2010 Highlight

By Jesse Hewit

December 1, 2010, PUBLISHED BY IN DANCE

I FEEL LIKE I’VE NEEDED TO BE REMINDED that work can be guttedly personal and really quite messy, and that the sheer truth and humility transmitted in that choice of representation can make a piece very strong.

I was inspired by Ralph Lemon’s How Can You Stay In The House All Day And Not Go Anywhere? and how he transparently built a piece about building a piece in the midst of tragedy. I was moved by the crutches, roadblocks, and failures he disclosed, and the work reaffirmed my belief that our processes as artists are truly interesting, and if told bravely and creatively, are enough to base work on. Seeing Lemon’s work made me start to plot and ponder about the ways that I can further employ unfettered personal narratives in my own work.

I mean, I just don’t know if I’m ever going to be done with my treatment of this work, as I really can’t remember seeing a more complicated piece in a long, long time. I could write pages about all the nooks and crannies of that complication, but some highlights/questions/moments were these things:

RACE/GRIEF—As a black artist, how did he employ and discard tropes of race, racialized bodies, and narratives of race and tragedy to contain what ultimately felt like a very small, particular, and personal grief cycle? Was the piece really at all about race? If it was, then why no treatment of his interracial relationship with a Japanese woman? Are racial themes a cultural hook Lemon uses to wade through identity issues? Are they a sure-fire trigger that set off a compulsory feel and theme of tragedy in the work?

And I couldn’t help but be overwhelmed by the plain phenomena of an audience full of mostly-white art-goers in a proscenium space like YBCA, forging a relationship to this work that asked them—either out of obligation or out of being truly compelled—to simply stick with this wild and forward work that so radically experiments with time, focus, and duration, and simply Watch. Black. Bodies. Keep watching the black bodies, because that’s what we’re intended to do here. That was huge for me.

DANCE—Choreographically, Lemon referred often to a goal of investigating the possibility of “non-form” with the quintet. This was so interesting to me because he embarked on this exploration with such highly trained dancers who literally have technique pumping through their veins. I was struck by how much I felt like this investigation was a failure from the start because of the inevitability of form in these particular bodies, and yet I was also inundated with questions about how such a careful and complicated experiment could ever take place with any bodies but these bodies. As a choreographer who is equally interested in the physicalities of technically trained dancers and alternatively trained dancers, this was a really practical and fundamental thing for me to think about.

ANIMALS—It’s funny, when I first viewed the section of the work where the dog walks out, I was completely wrapped up in the Brer Rabbit references implicit in the printed material in the program, that then became complicated by the almost-racial tones of the earlier section of work. My colleague and friend Laura Arrington loved the “animal part” and I couldn’t quite extract from her why, (probably because Laura is passionate). Later, I talked with friend and fellow artist, Sara Kraft, who kind of threw her head back and took a deep sigh. She might have even teared up. She said something like, “You know when you are just so desperately utterly gutted and you have nothing? Those are the times when all you can really do is just look at an animal. Watch an animal. Stare at an animal and how simple it is and how simply it relates.” And then I got it. I got it hard. And I loved it too…just like Laura.

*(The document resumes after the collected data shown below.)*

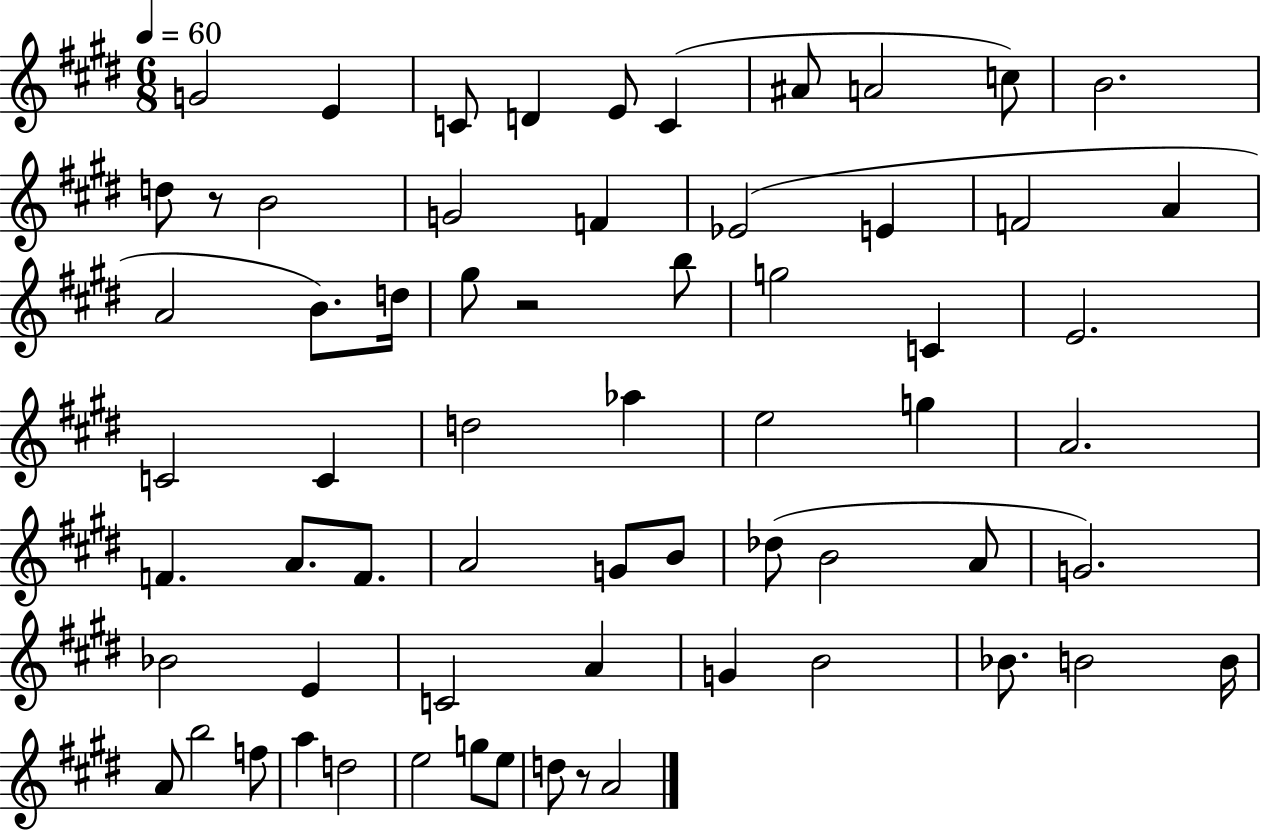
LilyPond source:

{
  \clef treble
  \numericTimeSignature
  \time 6/8
  \key e \major
  \tempo 4 = 60
  g'2 e'4 | c'8 d'4 e'8 c'4( | ais'8 a'2 c''8) | b'2. | \break d''8 r8 b'2 | g'2 f'4 | ees'2( e'4 | f'2 a'4 | \break a'2 b'8.) d''16 | gis''8 r2 b''8 | g''2 c'4 | e'2. | \break c'2 c'4 | d''2 aes''4 | e''2 g''4 | a'2. | \break f'4. a'8. f'8. | a'2 g'8 b'8 | des''8( b'2 a'8 | g'2.) | \break bes'2 e'4 | c'2 a'4 | g'4 b'2 | bes'8. b'2 b'16 | \break a'8 b''2 f''8 | a''4 d''2 | e''2 g''8 e''8 | d''8 r8 a'2 | \break \bar "|."
} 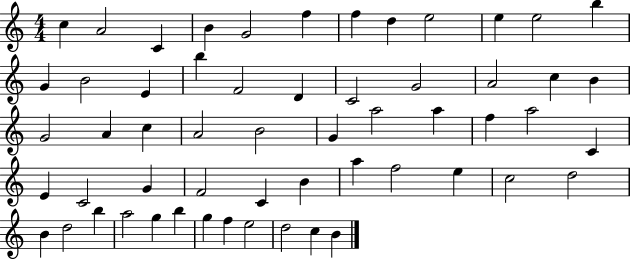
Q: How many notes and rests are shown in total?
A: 57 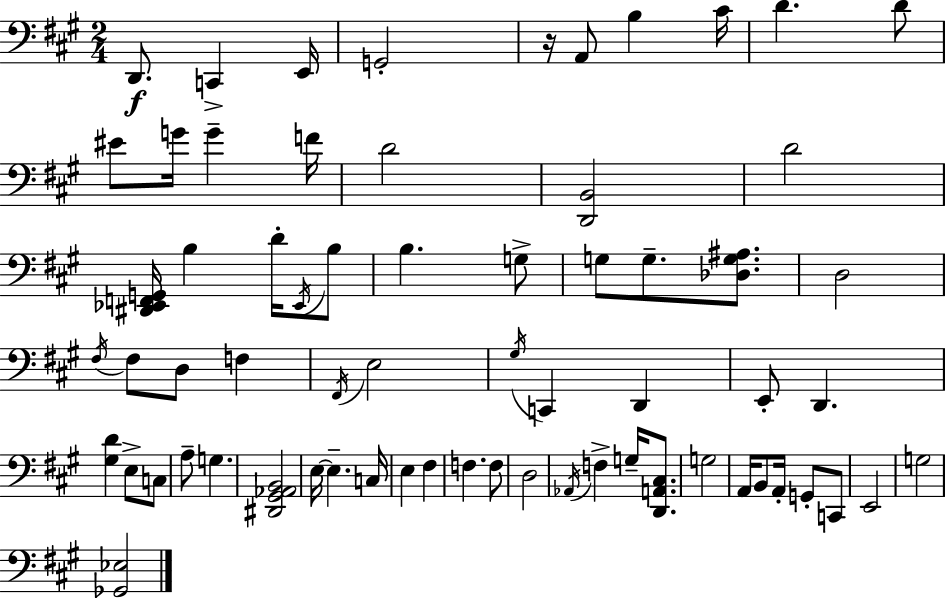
X:1
T:Untitled
M:2/4
L:1/4
K:A
D,,/2 C,, E,,/4 G,,2 z/4 A,,/2 B, ^C/4 D D/2 ^E/2 G/4 G F/4 D2 [D,,B,,]2 D2 [^D,,_E,,F,,G,,]/4 B, D/4 _E,,/4 B,/2 B, G,/2 G,/2 G,/2 [_D,G,^A,]/2 D,2 ^F,/4 ^F,/2 D,/2 F, ^F,,/4 E,2 ^G,/4 C,, D,, E,,/2 D,, [^G,D] E,/2 C,/2 A,/2 G, [^D,,^G,,_A,,B,,]2 E,/4 E, C,/4 E, ^F, F, F,/2 D,2 _A,,/4 F, G,/4 [D,,A,,^C,]/2 G,2 A,,/4 B,,/2 A,,/4 G,,/2 C,,/2 E,,2 G,2 [_G,,_E,]2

In conclusion: thank god for Angela Mattox’s programming and for Ralph Lemon’s deep, tightly woven, maniacally dismantled, endlessly difficult, entirely gorgeous work.


This article appeared in the December 2010 issue of In Dance.


Jesse Hewit makes and shares dance and performance work, teaches and curates, and writes about the things he sees and thinks. He lives in San Francisco with human and animal companions, and works as a cook.